Developing and deploying enterprise software applications for various purposes may be problematic in terms of integration and scalability. In order to implement applications from multiple vendors, integration and architectural issues arise, such as whether to use a single or multiple sources of data to support the disparate applications. Industry standards recommendations such as those endorsed by the World Wide Web Consortium (W3C) were developed for the purpose of addressing these types of issues. By using a standard data format (e.g., XML), software developers, designers, architects, and programmers (hereinafter “developers”) can develop numerous, disparate applications for varying purposes. However, common data formats such as XML still pose significant difficulties between applications.
Using XML-formatted data enables applications to present content without the static limitations of HTML. The capability for using a single source of data (e.g., XML-formatted data) with various applications is an attractive feature of XML. By using XML-formatted data, various applications can be tailored to work with a common dataset for purposes such as accounting, supply chain management, financial/currency conversion, operations management, and others. However, XML-formatted data retrieved for use with one application must be transformed before use with other applications. Transformations between applications requires substantial time, effort, and skill to transform XML-formatted data. Another W3C recommendation, Extensible Stylesheet Language Transformation (XSLT) provides standards for performing transformations on XML-formatted. Different applications often require XML documents to be transformed from one XML version to another and, generally, XSLT may be used as a common set of techniques for transformation. However, conventional techniques for performing transformations are also problematic.
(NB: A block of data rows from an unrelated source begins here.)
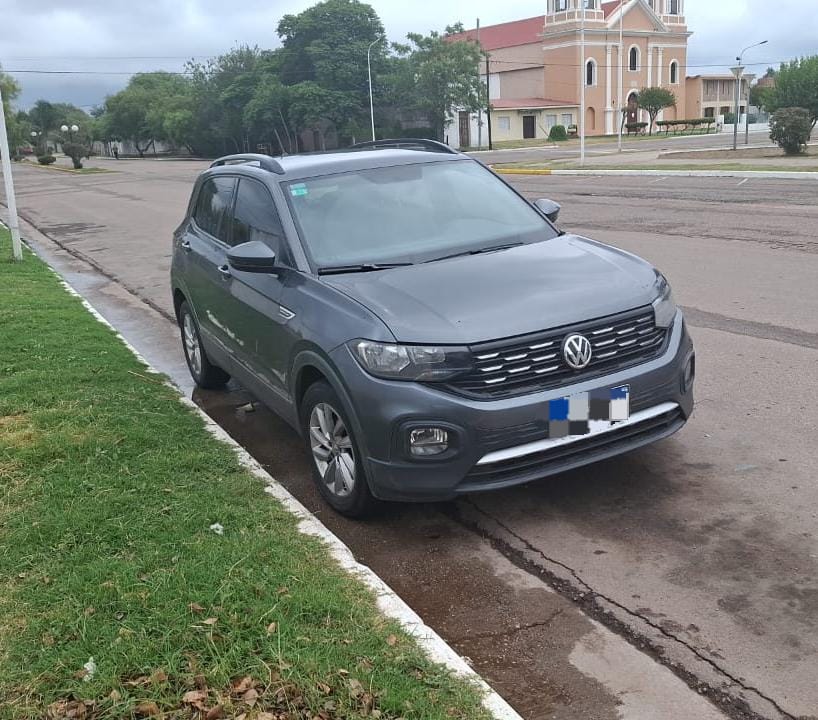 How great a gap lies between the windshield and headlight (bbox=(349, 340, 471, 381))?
37.1 inches

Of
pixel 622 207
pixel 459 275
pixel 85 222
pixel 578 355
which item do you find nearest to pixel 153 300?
pixel 459 275

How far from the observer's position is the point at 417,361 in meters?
3.94

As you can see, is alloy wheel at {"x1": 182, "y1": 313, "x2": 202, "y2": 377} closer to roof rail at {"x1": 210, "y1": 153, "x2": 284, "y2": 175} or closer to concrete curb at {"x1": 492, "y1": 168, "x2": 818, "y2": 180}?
roof rail at {"x1": 210, "y1": 153, "x2": 284, "y2": 175}

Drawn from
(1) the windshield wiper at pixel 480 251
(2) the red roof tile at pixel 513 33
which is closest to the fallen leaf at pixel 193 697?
(1) the windshield wiper at pixel 480 251

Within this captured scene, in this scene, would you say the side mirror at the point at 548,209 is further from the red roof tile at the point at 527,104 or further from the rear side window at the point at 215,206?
the red roof tile at the point at 527,104

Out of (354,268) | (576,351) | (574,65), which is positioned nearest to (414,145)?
(354,268)

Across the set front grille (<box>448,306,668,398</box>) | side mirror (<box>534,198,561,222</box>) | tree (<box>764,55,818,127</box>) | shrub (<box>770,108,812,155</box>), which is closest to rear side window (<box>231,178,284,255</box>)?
front grille (<box>448,306,668,398</box>)

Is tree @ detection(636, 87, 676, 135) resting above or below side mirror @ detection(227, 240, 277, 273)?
above

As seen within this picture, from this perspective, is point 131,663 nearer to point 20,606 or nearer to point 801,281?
point 20,606

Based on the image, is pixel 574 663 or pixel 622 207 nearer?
pixel 574 663

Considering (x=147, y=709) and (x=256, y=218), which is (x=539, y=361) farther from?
(x=256, y=218)

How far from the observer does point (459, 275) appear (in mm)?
4543

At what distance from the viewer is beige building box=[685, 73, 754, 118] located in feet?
311

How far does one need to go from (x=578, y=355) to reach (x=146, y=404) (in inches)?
137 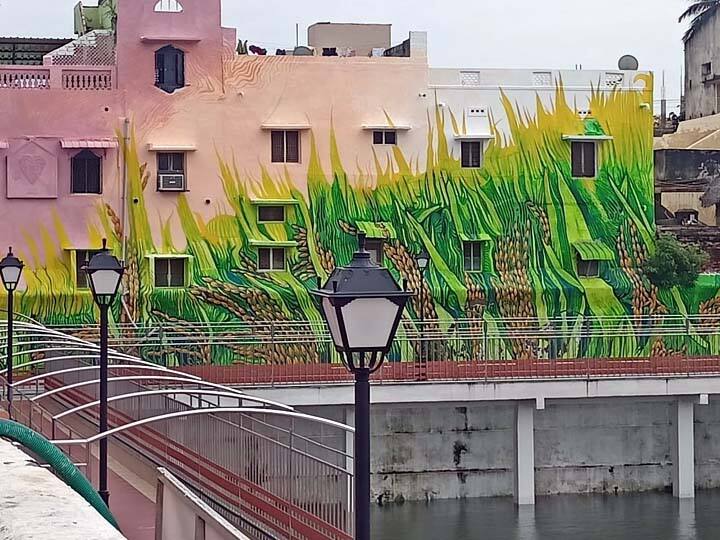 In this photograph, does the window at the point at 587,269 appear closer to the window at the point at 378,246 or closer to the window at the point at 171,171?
the window at the point at 378,246

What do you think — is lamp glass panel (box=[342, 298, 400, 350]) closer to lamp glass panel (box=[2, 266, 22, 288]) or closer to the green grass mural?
lamp glass panel (box=[2, 266, 22, 288])

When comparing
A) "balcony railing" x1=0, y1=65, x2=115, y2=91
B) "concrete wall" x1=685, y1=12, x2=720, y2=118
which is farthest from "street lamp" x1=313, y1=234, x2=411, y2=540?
"concrete wall" x1=685, y1=12, x2=720, y2=118

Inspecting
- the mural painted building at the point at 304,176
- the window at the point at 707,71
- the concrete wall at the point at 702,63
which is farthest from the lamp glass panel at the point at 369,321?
the window at the point at 707,71

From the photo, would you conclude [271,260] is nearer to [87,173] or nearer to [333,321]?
[87,173]

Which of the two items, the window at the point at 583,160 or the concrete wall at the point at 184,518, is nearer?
the concrete wall at the point at 184,518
Conventional techniques for performing data transformations are typically performed manually. Performing manual transformations does not scale well for applications. Transformations are dependent upon the skills of a developer and may be error-prone. Importing transformations or documents into a specific application requires using specifications from XSLT and XSD files (e.g., files used to generate source code for run-time objects that correspond to an XML schema). Although industry standards recommendations such as XML and XSLT exist, these and other conventional techniques are also problematic when used to migrate data between applications. For example, data from a legacy accounting application may require substantial transformation before being used in a more recent financial application developed by another vendor.
Thus, what is needed is a solution for performing transformations without the limitations of conventional techniques.